BOĞAZLAR DA KONTROLE TABİ OLABİLİR
Oysa Türk Boğazlar Sistemi’nin de emisyon kontrol alanı ilan edilmesi, Marmara Bölgesi’ndeki hava kirliliğini ciddi ölçüde azaltabilir. 2022’de yayınlanan makalenin de temelini oluşturan hesaplamalar, bölgeden geçecek gemilerin daha temiz yakıtlar kullanmalarının, sebep olacakları kirliliği yüzde 80 civarında azaltacağını ortaya koyuyor. Bu, bölge insanının karşı karşıya kalacağı sağlık risklerinde de kayda değer bir azalmaya sebep olacaktır. Ancak emisyon kontrol alanı ilanının önünde diplomatik ve ekonomik zorluklar var.
Bir iç deniz olan Türk Boğazlar Sistemi’nin kontrolü tamamen ülkemize ait olsa da, bölgeden geçen gemiler, uluslararası trafiğin bir parçası. Herhangi bir geminin çok sayıda ülke ile bağlantısı vardır; geminin inşa edildiği ülke, bayrak devleti, liman devleti, gemi sahibinin uyruğu ve gemi çalışanlarının uyrukları, birbirinden çok farklı olabilir. Bu nedenle bölgenin emisyon kontrol alanı olarak ilan edilmesi, ancak uluslararası kurallar çerçevesinde ve Uluslararası Denizcilik Örgütü’nün çalışmalara dahil olmasıyla mümkün olabilir.

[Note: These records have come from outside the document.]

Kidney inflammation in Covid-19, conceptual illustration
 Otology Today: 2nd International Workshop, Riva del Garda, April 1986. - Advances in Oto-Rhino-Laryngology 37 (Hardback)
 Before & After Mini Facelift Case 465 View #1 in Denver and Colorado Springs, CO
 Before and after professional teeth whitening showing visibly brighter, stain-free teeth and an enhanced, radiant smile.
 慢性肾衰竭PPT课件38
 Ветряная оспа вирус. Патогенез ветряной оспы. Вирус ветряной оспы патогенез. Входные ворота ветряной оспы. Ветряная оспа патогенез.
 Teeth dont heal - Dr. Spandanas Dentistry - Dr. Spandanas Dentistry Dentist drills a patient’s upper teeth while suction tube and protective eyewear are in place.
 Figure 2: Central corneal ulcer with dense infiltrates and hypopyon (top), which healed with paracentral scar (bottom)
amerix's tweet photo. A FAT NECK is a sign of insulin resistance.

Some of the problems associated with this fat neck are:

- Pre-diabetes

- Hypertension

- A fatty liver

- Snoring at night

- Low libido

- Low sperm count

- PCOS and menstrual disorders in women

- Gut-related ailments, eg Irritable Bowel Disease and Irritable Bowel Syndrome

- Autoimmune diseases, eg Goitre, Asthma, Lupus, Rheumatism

Ayrıca böyle bir kararın alınması, çevresel olarak ve halk sağlığı açısından büyük yararlar sağlayacak olsa da, sosyal ve politik sorunlar yaratabilir. Emisyon kontrol alanlarında kullanılması gereken yakıtlar, genellikle daha maliyetlidir. Dolayısıyla bu yakıtların kullanılması, navlun ücretlerinin ve haliyle de son tüketicinin marketten satın aldığı ürünlerin fiyatlarının artmasına yol açabilir. Bu nedenle, bu ve bunun gibi kararların sosyal boyutlarının da iyi incelenmesinde fayda görülüyor. İstanbul ve Çanakkale Boğazları’nın, Karadeniz’e kıyısı olan ülkelerin tek çıkış noktası olması, bu ülkeler üzerinde de baskı oluşmasına yol açacaktır.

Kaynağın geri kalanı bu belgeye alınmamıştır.